Наконец, за право насекомых – летать в тот сад, который
им больше нравится. И вам начислят где-нибудь –
дополнительные очки.
Но те, на кого я жалуюсь, замечает Страдалец, все были –
на одно лицо. Или – одно лицо… И, кажется, его имя –
тоже Время. И как ему отличить себя подстрекающего
от себя карающего?
Кухни мира – в одной тарелке, бормочет Судья.
Хм… жаль, что я пишу свои приговоры прозой.
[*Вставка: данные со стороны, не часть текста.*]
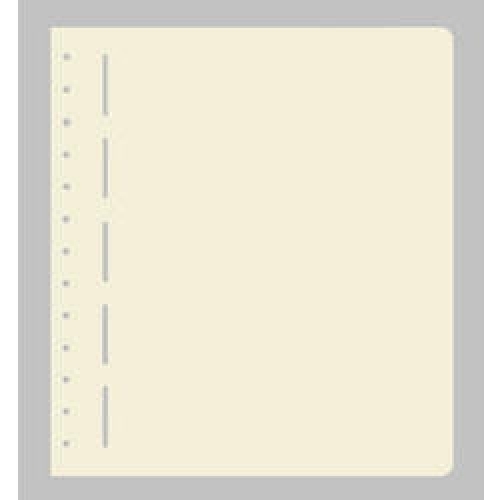 Leuchtturm Blankoblätter ohne Druck BL02 (50er Pack) 331407 Neu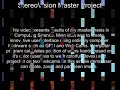 StereoVision - My master thesis project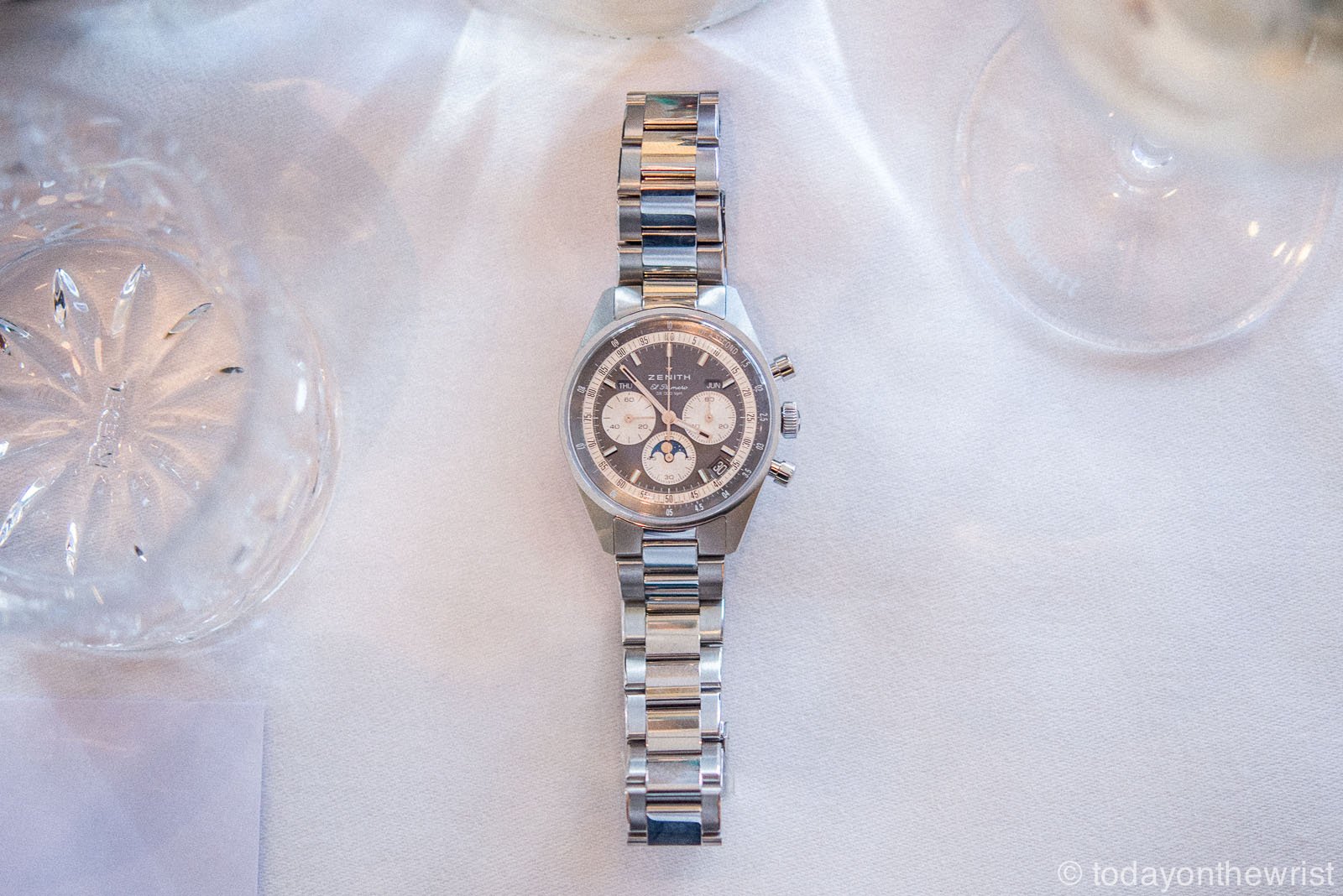 Zenith Chronomaster Original Triple Calendar - Today on the wrist - An  online magazine about watches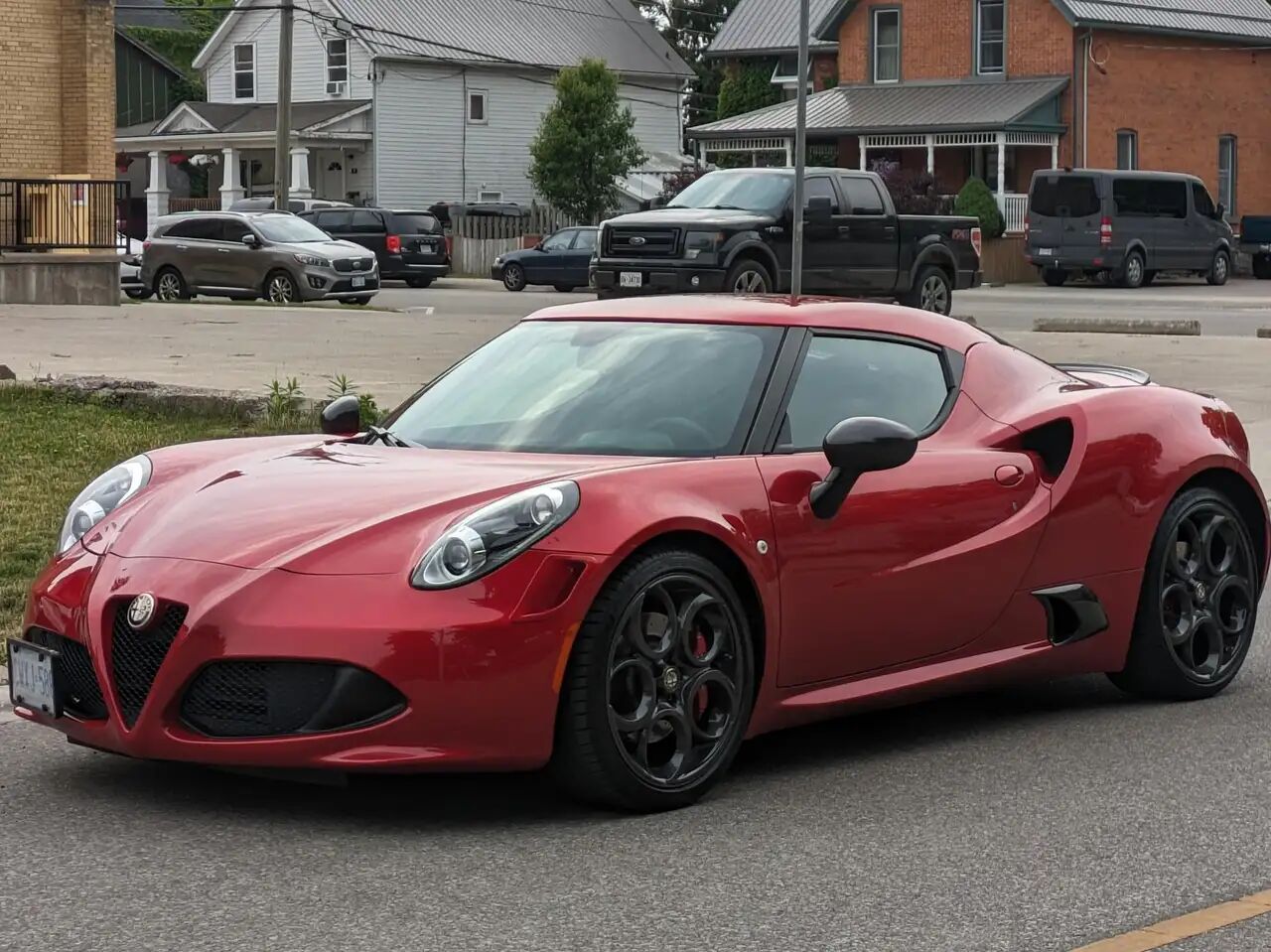 Alfa Romeo 4C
Если я существую лишь в ваших фантазиях, сделайте
меня поэтом! Какая увлекательная рифма:
калорийно – колибри…
***
Вот летит компанья за золотым руном,
рой героев, каждый на все горазд,
но, скорее, та – в параллельных мирах,
а эта, на всех парах, разодетая в выходном –
ее гоп-сестра.
Кто верхом – на каплющем бурдюке с вином,
кто, румян и щекаст –
на штабном
ненасытном рулоне завоевательских карт,
полдевицы присело на аппарат
с слободскими музыками с истомой,
а ее половина втора
разжилась мотором.
Тут как тут примкнувший к ним клеветник,
и примкнувший к нему его двойник,
заложивший оказию за воротник,
и его увязавшийся ученик,
и его дневник, а не то слезник,
и примкнувшие к ним мясник и его должник,
а при нем чей-то срезанный тайник
и пятьсот улик, и на каждой – блик.
И, набрав довольную высоту,
на лету замеряют эту и ту
путеводную и сюжетную нить,
и внезапно тянут ведущую напрямик –
на пикник.
Посему со свистом выводят вираж, и
на ближайшем облаке расставляют брашна
и заводят спич.
Да еще скликают знакомцев с соседних облак,
чтобы спрыснуть их незабвенный облик.
Но удержит ли этот тающий в небе пик
все достойное, но беспочвенное собранье?
Видно, тут кто пал и пропал, а кто – горлопан,
раскричавшийся: ну-ка, подберись!
Или вкось и вкривь
мы впечатаемся в случайный фриз…
Впрочем, может, и в сам тимпан!
***
К вечеру были гости: сорока Анна Леопольдовна
в кубовой опушке и в списанной с лебедя манишке –
не представилась, но шаталась по парапету балкона,
хохотала сама с собой и, ничего не объяснив, улетела.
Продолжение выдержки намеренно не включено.